Consider it the greatest indignity of them all for Larry David. After almost six years away, David’s lauded comedy series “Curb Your Enthusiasm” was finally set to kick off production on its long-awaited ninth season last November — the day after the presidential election.
Stars and staffers were expecting to return to set in a celebratory mood. Instead, David and his cast and crew — including long-time on-screen sidekick J.B. Smoove and executive producer Jeff Schaffer — reunited on a day that seemed to make it clear just how much things had changed since the series’ eighth season wrapped in September 2011.
“I was up all night, I couldn’t sleep,” Smoove told IndieWire. “I said, ‘You know what? I’m gonna go to sleep and wake up and this shit is gonna be fine.’ It was the weirdest day. It felt like a weird dream, I was like, ‘Really?’ I couldn’t believe it.”
And yet, the show had to go on, even if the new state of the world seemed destined to overshadow the happy occasion.
“We showed up to set, we shot the very first day,” Smoove said. “Which was, the first half an hour of just standing around, talking about it. You know how you watch a movie, you see a crazy-ass movie, and you’re just like, ‘Holy shit, I can’t even imagine this happening in real life.’ But then you experience something like that. You almost had an out of body experience.”
He added, “For us, you didn’t know what to do, but you knew that you had to do something amazing. The show was back, you got on set, and you did your thing.”
If nothing else, the strange new state of the world feeds directly into the series’ particular point of view, adding a new level of terrible and awkward to “Curb’s” ever-growing pile. Schaffer (who also directed the season’s pilot episode) initially considered temporarily stopping production that first day, but pushed forward, an oddly fitting stance for the show itself.
“The world keeps evolving, but Larry’s indignation ray stays the same,” he said. “There’s always new things. The one thing you can count on is that there’s going to be new terrible people and new awkward situations.”

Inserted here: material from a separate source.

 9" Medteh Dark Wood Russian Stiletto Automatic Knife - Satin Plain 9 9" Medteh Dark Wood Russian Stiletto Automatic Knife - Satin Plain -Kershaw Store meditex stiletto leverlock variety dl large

And as he sagely noted, “Working in that field is an evergreen business.” Business, at least, is booming.
“The world is such a weird place,” Smoove said. “[Larry] finds a way to tap into the things that make you go ‘oooohh,’ the things that make you mad, or the things that make you go, ‘oh, shit.’ He’s relatable, he finds a way to make relatable funny.”

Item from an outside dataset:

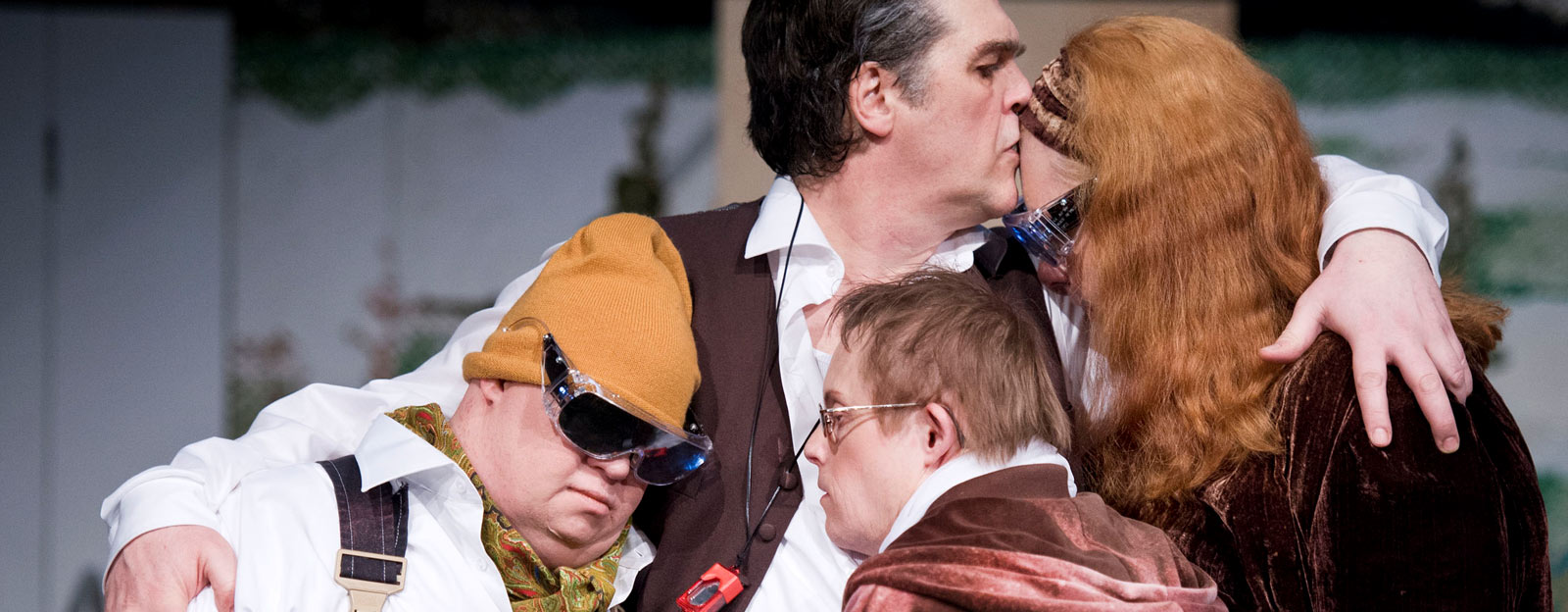 Pierre Björkman, Bill Hugg, Niclas Lendemar, Gunilla Ericsson.Pressbild Jag vill få vara mamma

Co-star Susie Essman wasn’t on set that first day, but joined the production a week later. She was still reeling, but she too found solace in the unique comforts of David’s cringe comedy.

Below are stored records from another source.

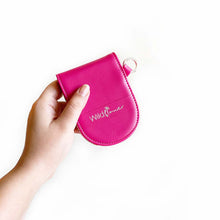 Load image into Gallery viewer, Wildflower Raspberry Card Holder - Holds upto 10 cards-2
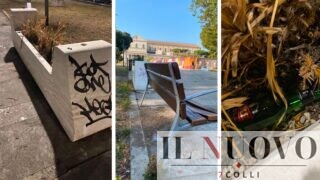 Roma, Parco Schuster nel degrado: piante secche, rifiuti ovunque e panchine roventi senza un filo d’ombra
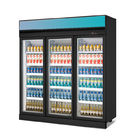 슈퍼마켓 냉각된 진열장 음료 냉각기를 녹이는 1600L 유리문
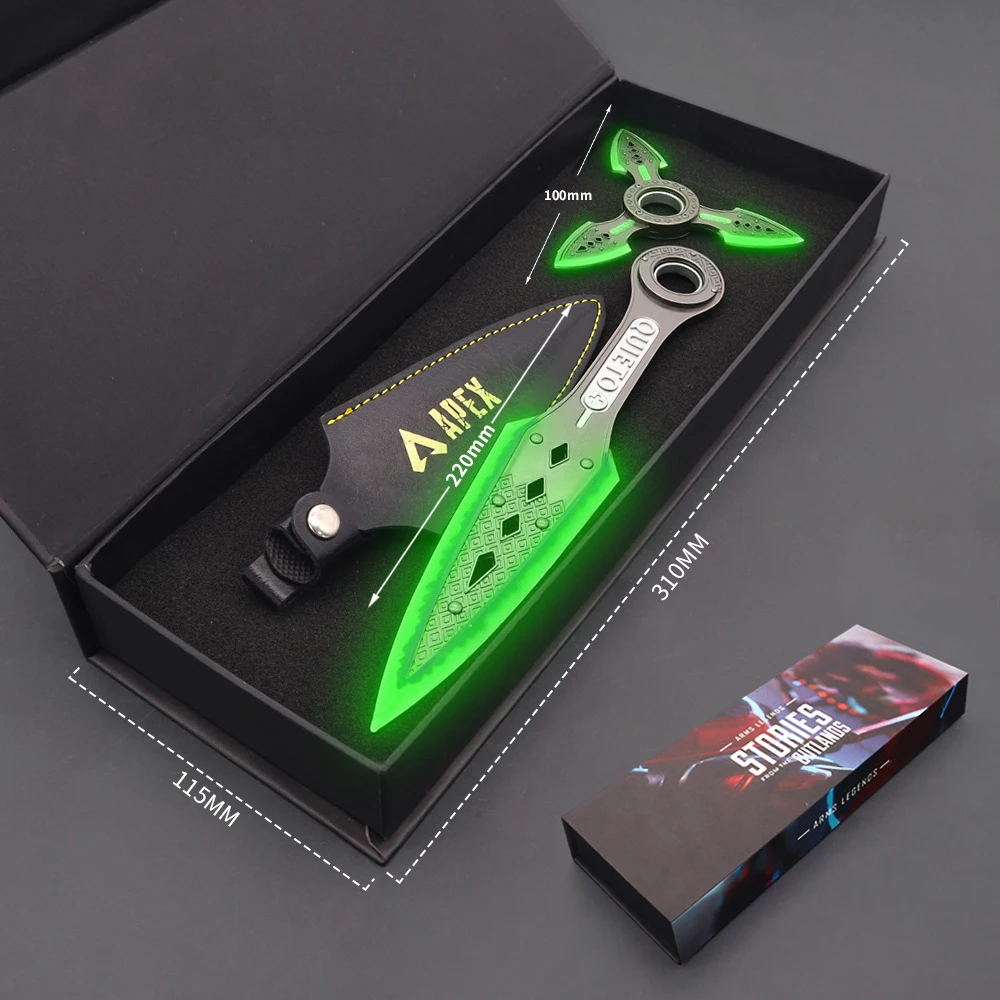 

Apex Legends Heirloom Weapon Box Wraith Kunai Butterfly Knife Wraith Kunai Bangalore Cold Steel Bloodhound Toys Christmas gift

“It was actually a relief to go back to work,” she said. “It was bad. It was just like, scary and bad. There was, and still is, fear…I had no desire to get on stage, doing standup. By nature, I’m not a political comedian. But I felt shut down in a certain way, that I couldn’t just move on from.”
And while Essman doesn’t sidestep the tough stuff —”You can’t ignore the times you live in,” she said — the long-time actress and comedian is also possessed by the notion that humor can help.
“When you’re on a film set or TV set, you’re in such an insulated environment,” she said. “It’s almost as though the outside world doesn’t exist, so it was a great relief to go back to work and be in the environment…to go back to work and do something funny.”
Hopefully, that humor will translate to the new season of the beloved show, and even heal some wounds along the way.
“I always felt like humor was the catalyst for everything, it cures all the ills of the world,” Smoove said. “Like somehow, this is gonna make sense, in some way, shape, or form. Everything makes sense in the long term.”
“Curb Your Enthusiasm” Season 9 premieres on Sunday at 10 p.m. on HBO.